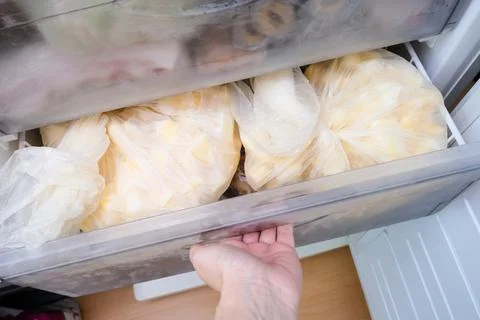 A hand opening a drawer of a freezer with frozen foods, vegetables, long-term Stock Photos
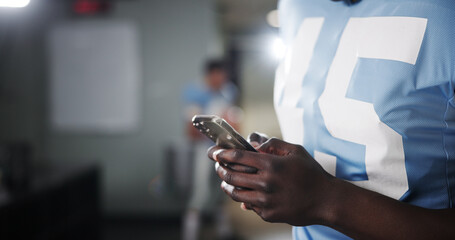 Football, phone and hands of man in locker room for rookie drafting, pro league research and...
= = =
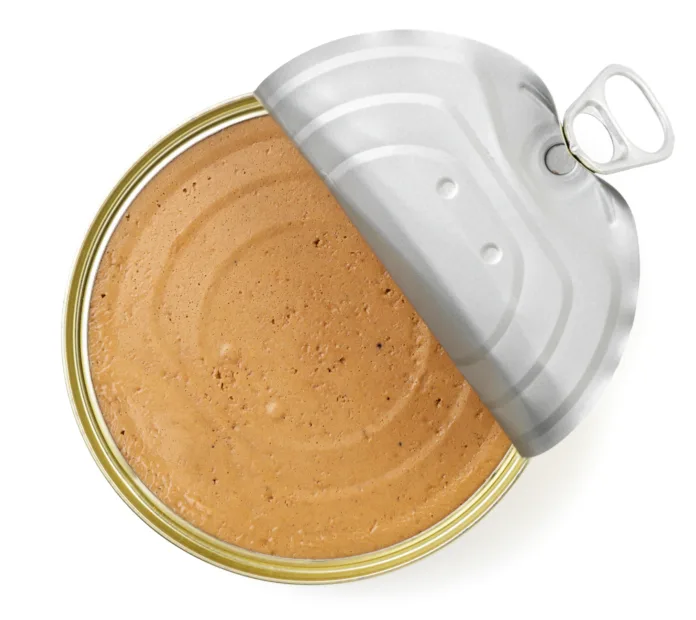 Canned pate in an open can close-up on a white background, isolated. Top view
= = =
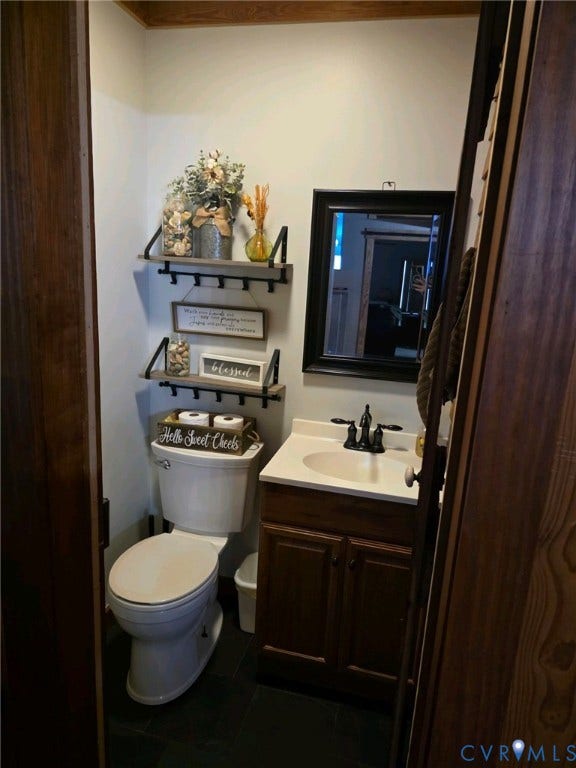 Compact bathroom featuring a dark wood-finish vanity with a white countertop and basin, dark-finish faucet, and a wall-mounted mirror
= = =
The reply should hold the entries above from the line with "A hand opening" to the line with "Football, phone and", duplicated exactly, pictures excluded.

### Solved exercise
 A hand opening a drawer of a freezer with frozen foods, vegetables, long-term Stock Photos
 Football, phone and hands of man in locker room for rookie drafting, pro league research and...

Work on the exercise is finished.